Esta interesada aberración filosófica se llevó incluso por medio a esa versión del capitalismo que había sido mayoritaria en el mundo occidental tras la segunda guerra mundial, aquella que proponía una redistribución de la riqueza con el Estado como garante de derechos civiles, políticos y sociales. Todo el mundo compró la nueva forma de hacer y organizarse (que provenía de las cloacas de la Escuela de Chicago, una pandilla de extremistas del liberalismo económico, totalmente marginada por la comunidad universitaria en sus inicios y elevada a paradigma gracias al reaganismo). Y cuando digo todo el mundo no me refiero únicamente a los profesionales de la cosa pública. Aquel aforismo de que el pensamiento de la clase dominante es el pensamiento dominante se hizo patente cuando asunciones como que “los empresarios son los que crean la riqueza” o “no existe la derecha ni la izquierda, sólo los negocios” eran tomadas por cualquiera como el movimiento de las mareas o los amaneceres.
Con la izquierda posible noqueada, o bien por la Tercera Vía o bien por el shock soviético, pero sobre todo por una inmediatez que elevaba a fin de la historia quince años de crecimiento económico (no sin sustos premonitorios, miren el hundimiento del Nasdaq), la clase trabajadora quedó huérfana de paraguas ideológico, dejó de percibirse como tal y por tanto de creer en sus propios intereses. Ciento cincuenta años de luchas e identidad se disolvieron como un azucarillo en un espectáculo demasiado caliente. Y en estas llegó la crisis. Entonces el empirismo, forma de educación política popular, empezó a resultar menos atractivo para la clase dirigente. El día que Lehman Brothers cayó simbolizando el fin de la mentira de la infalibilidad del mercado recuerdo verme señalando furioso a la tele, mirando a la gente que me acompañaba en el salón y esperando, en vano, que aquel acontecimiento revelador les iluminara como a San Pablo de Tarso. Por desgracia no hubo ni lenguas de fuego ni caída del caballo. La maquinaria mediático teórica del capitalismo se puso a funcionar al día siguiente: ante la imposibilidad de ocultar a millones de seres humanos -esos que parecían vivir cómodamente- la naturaleza caótica y vil del sistema, había que colocar miles de pantallas entre ellos y su realidad, mediar la percepción sobre sus vidas y sobre todo, buscar culpables de aquello. Y les funcionó; tras ocho ocho años de crisis el pensamiento dominante sigue siendo aquel que provocó este magnífico desbarajuste. Hagamos un alto en el camino ¿cómo se enfrentó la izquierda a la crisis?

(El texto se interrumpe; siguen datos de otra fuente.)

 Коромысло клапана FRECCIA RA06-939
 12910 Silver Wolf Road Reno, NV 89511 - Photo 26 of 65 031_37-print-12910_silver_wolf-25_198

Quizá la pregunta debiera ser ¿cómo se había enfrentado anteriormente con la discrepancia entre intereses de clase y su disolución en las formas de pensar impuestas? La forma más clásica había pasado siempre por lo que se podría denominar como hoja de ruta militante. Lo que se proponía era, sobre todo, pedagogía política. Lo podríamos resumir en que un partido organizaba una resistencia ideológica en torno a él; mediante la militancia se enseñaba al trabajador tanto teoría como práctica; el partido conseguía crear una red amplia de consensos en torno a sus ideas, una estructura que era transversal a todos los estratos de la clase trabajadora. El partido era el organizador, pero sobre todo el mediador entre el sujeto y la realidad. Se esperaba por tanto que este proceso fuera seguido, progresivamente y de manera exponencial, por más trabajadores, hasta resultar mayoritario y por tanto decisivo.

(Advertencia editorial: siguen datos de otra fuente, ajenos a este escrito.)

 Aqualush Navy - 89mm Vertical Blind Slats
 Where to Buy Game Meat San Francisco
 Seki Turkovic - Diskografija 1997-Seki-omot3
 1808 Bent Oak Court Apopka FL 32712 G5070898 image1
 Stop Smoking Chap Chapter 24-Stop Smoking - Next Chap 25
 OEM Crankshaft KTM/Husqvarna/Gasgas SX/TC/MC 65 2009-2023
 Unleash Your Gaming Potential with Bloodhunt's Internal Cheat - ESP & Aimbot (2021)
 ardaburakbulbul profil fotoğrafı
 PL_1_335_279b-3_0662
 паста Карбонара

En una segunda fase, posiblemente identificada con la ola revolucionaria de los 60, coexistiendo con la anterior forma, surgió un movimiento, más vinculado a la intelectualidad subversiva, el arte y el activismo en base a cuestiones concretas, que donde ponía el foco era en los procesos que legitimaban culturalmente al estado de las cosas. Es decir, lo que se trataba no era de formar cuadros (militantes de partido con capacidad de organizar lo práctico y extender lo teórico) sino de buscar los engranajes que hacían brotar la discrepancia entre el sí mismo y el para sí mismo. Se consideraba a la clase trabajadora lo suficientemente formada, lo único que hacía falta era destruir la pantalla que ocultaba a la vez que emitía falsedad.

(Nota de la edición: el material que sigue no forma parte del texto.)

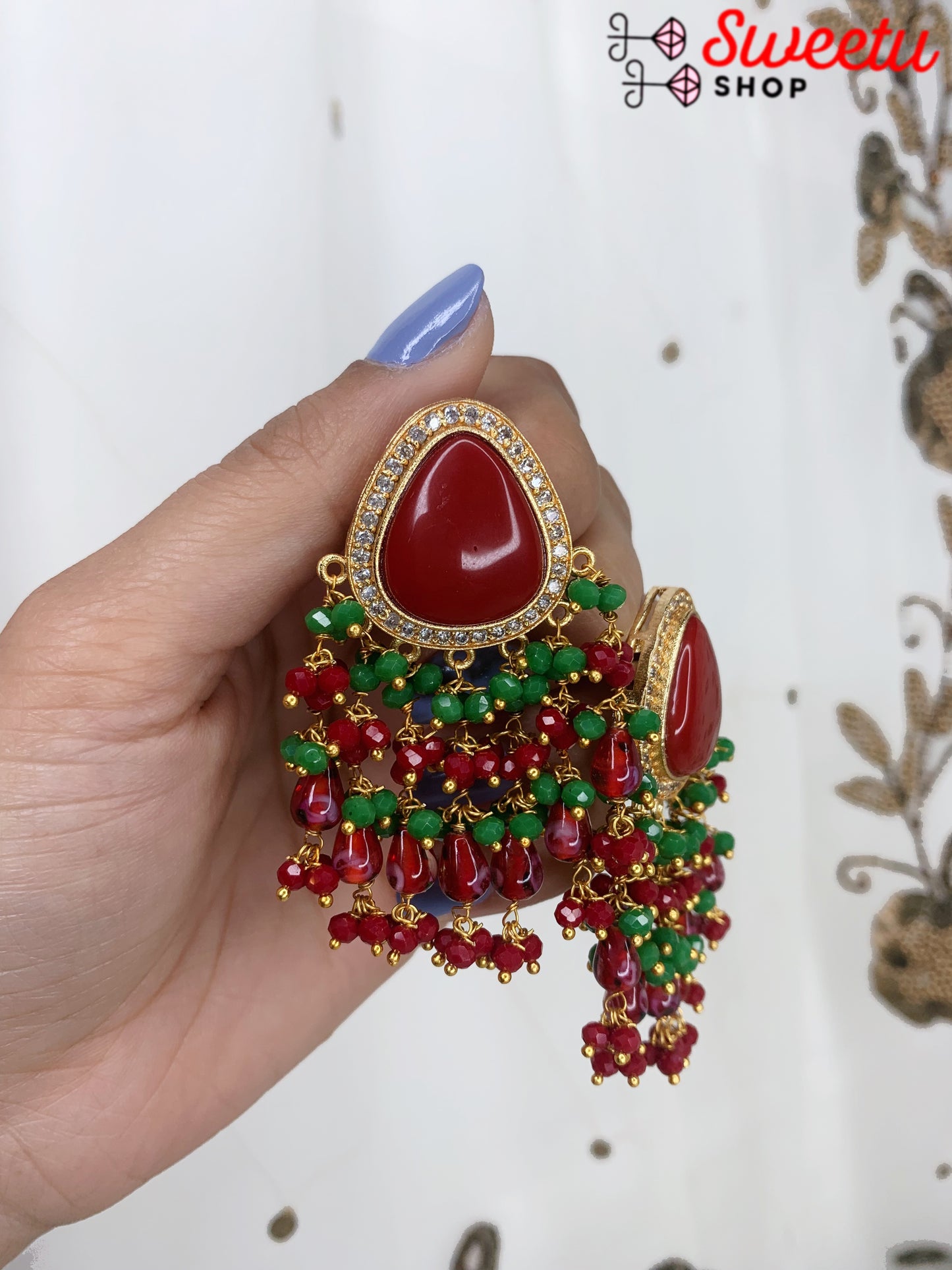 Sejal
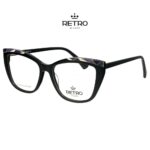RETRO Milano R14K15 C1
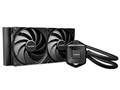 PURE LOOP 3 280mm BW028EU [Black]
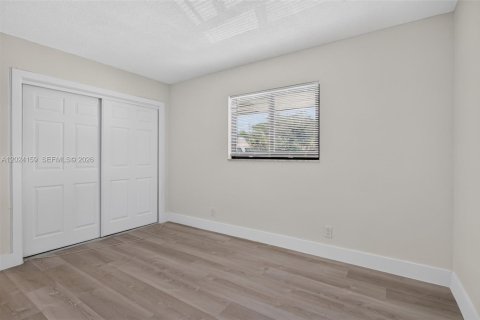 Apartamento en alquiler en Wilton Manors, Florida, 2 dormitorios, 83.61 m2 № 2087592 - foto 14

En una tercera fase -y perdonen de antemano el esquematismo- quizá desde los 80 y con un estallido posterior a la caída de muro, surgió una nueva visión de la izquierda que se planteaba si la sociedad postindustrial había cambiado lo suficiente para reformular sus categorías de análisis, e incluso reformularse a sí misma como categoría. Quizá la clase obrera estaba tan fragmentada que había que agrupar a los actores de otro modo; era posible que para plantear y visualizar correctamente el conflicto hiciera falta prescindir del arco ideológico surgido en la Convención Nacional francesa. Son por tanto estas categorías, mucho más al menos que las de reformistas o revolucionarios, las que han marcado la actitud de la izquierda ante la crisis actual, que más que crisis (momento de cambio brusco) ya es realidad permanente, sin vuelta al tiempo precedente, al menos por el propio devenir económico y político.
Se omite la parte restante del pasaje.